20 years ago, delta kick cooling (DKC) was proposed [1,2] and demonstrated [3,4,5] as a fast technique for cooling quantum gases. Originally conceived using classical arguments, DKC uses a combination of long-time free expansion and conservative forces to reduce temperature at the expense of spatial density, and hence preserves phase-space density. Despite its now common use in ultracold atomic systems, standard DKC is suitable only to the extent that these systems obey approximately classical, non-interacting dynamics. What does DKC look like for a quantum, interacting system? In this talk, I will discuss recent work [6] that introduces an exact approach to DKC for arbitrary scale-invariant dynamics of quantum gases. This modified DKC extends our understanding of ‘kicked cooling’ beyond the limits of free evolution and non-interacting systems. We study the control of quantum gases in time-dependent harmonic traps that can be either repulsive (inverted) or confining. We show that DKC assisted by a repulsive potential outperforms the conventional scheme, and that DKC combined with sudden trap-frequency jumps is a time-optimal protocol, in the limit of instantaneous kicks.

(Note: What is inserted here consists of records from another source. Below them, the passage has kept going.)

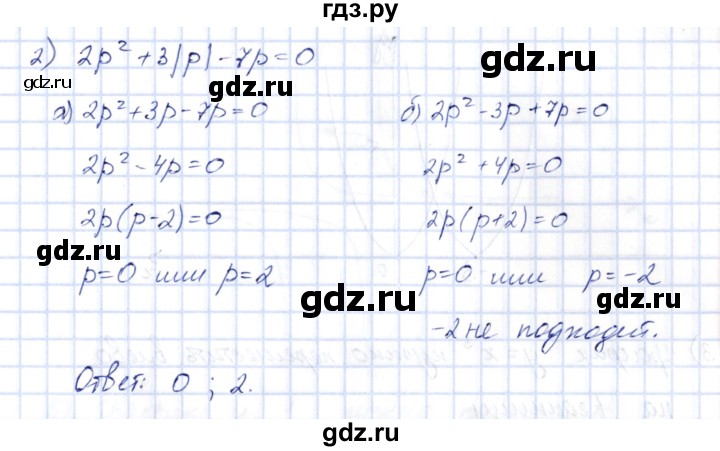 ГДЗ по алгебре 10 класс Шыныбеков   раздел 1 - 1.73, Решебник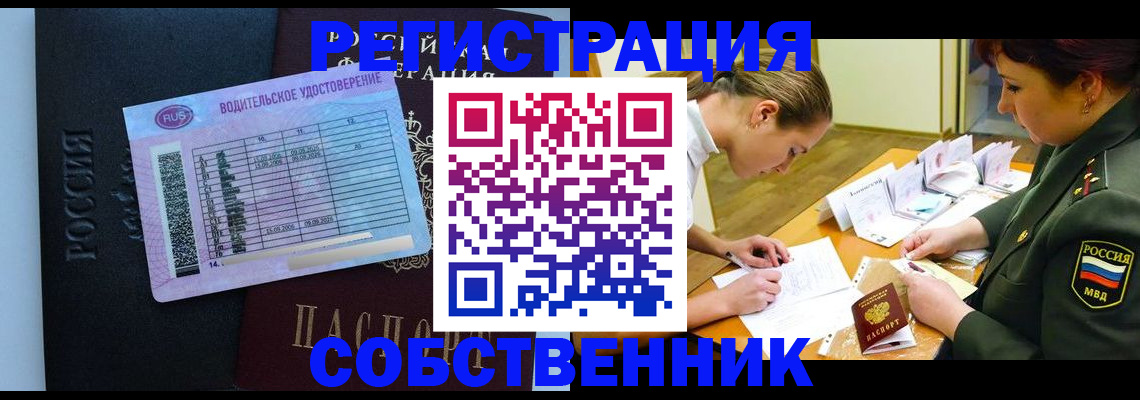 временная регистрация в Миньяре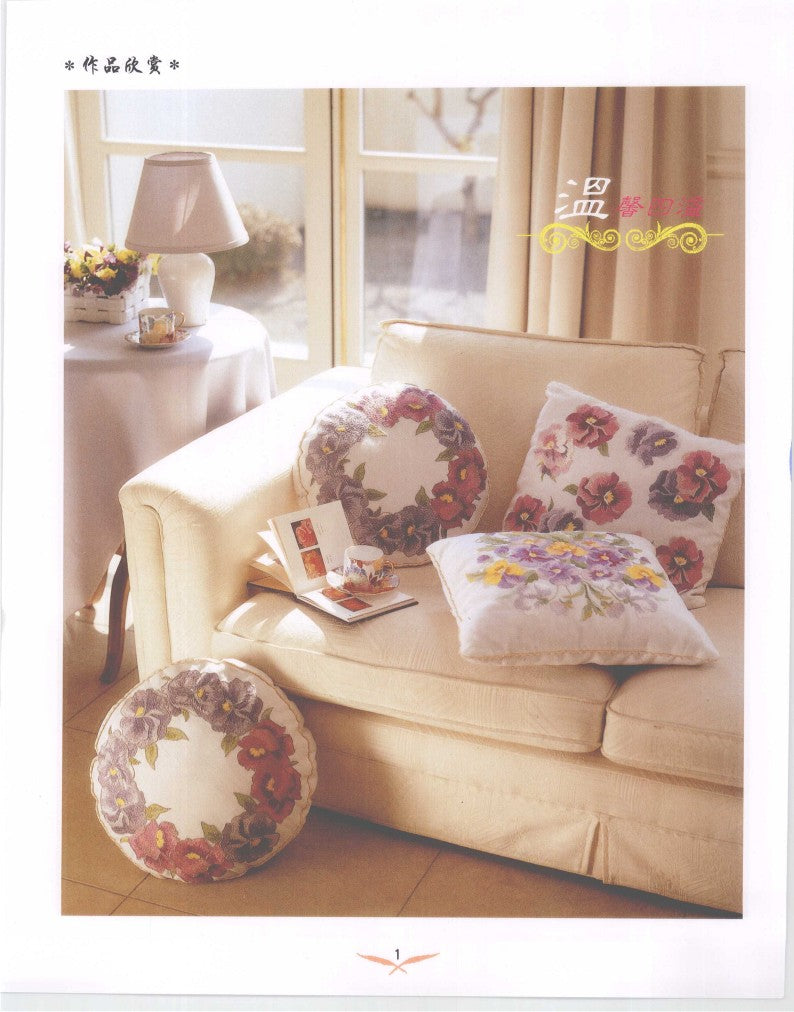 Floral Embroidery Pattern 365 (2009) (CHINESE)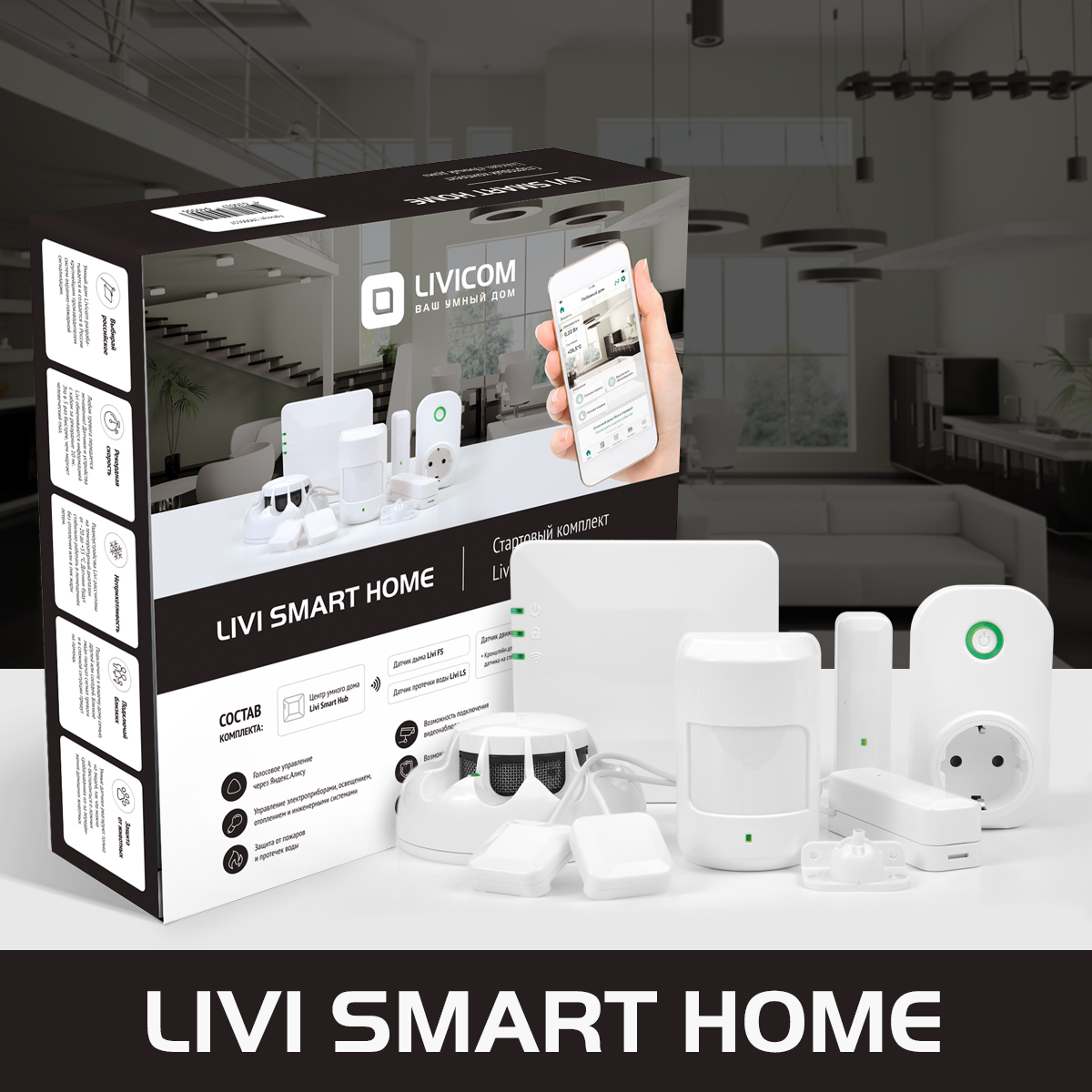 Livi Smart Home (хаб Livi Smart Hub 2G, датчик протечки воды Livi LS, датчик движения Livi MS, датчик дыма Livi FS, датчик температуры Livi TS, умную розетку Livi Socket)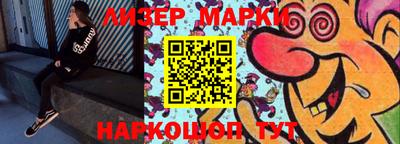 круглые Коммунар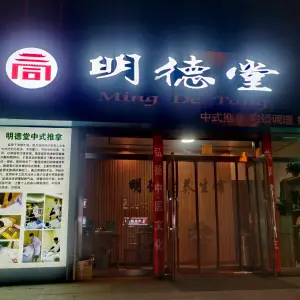明德堂·中式推拿·肩颈调理·经络减肥的logo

[1] Chu, S., Bjorkholm, J. E., Ashkin, A., Gordon, J. P., & Hollberg, L. W. (1986). Proposal for optically cooling atoms to temperatures of the order of 10^−6 K. Optics Letters, 11(2), 73.
[2] Ammann, H., & Christensen, N. (1997). Delta Kick Cooling: A New Method for Cooling Atoms. Phys. Rev. Lett.
[3] Maréchal, E., Guibal, S., Bossennec, J.-L., Barbé, R., Keller, J.-C., & Gorceix, O. (1999). Longitudinal focusing of an atomic cloud using pulsed magnetic forces. Physical Review A.
[4] Myrskog, S. H., Fox, J. K., Moon, H. S., Kim, J. B., & Steinberg, A. M. (2000). Modified ``δ-kick cooling’’ using magnetic field gradients. Phys. Rev. A.
[5] Aoki, T., Kato, T., Tanami, Y., & Nakamatsu, H. (2006). δ-kick cooling using the Ioffe-Pritchard potential. Phys. Rev. A.
[6] Dupays, L., Spierings, D. C., Steinberg, A. M., & del Campo, A. (2021). Exact Delta Kick Cooling, Time-Optimal Control of Scale-Invariant Dynamics, and Shortcuts to Adiabaticity Assisted by Kicks, arXiv:2104.00999.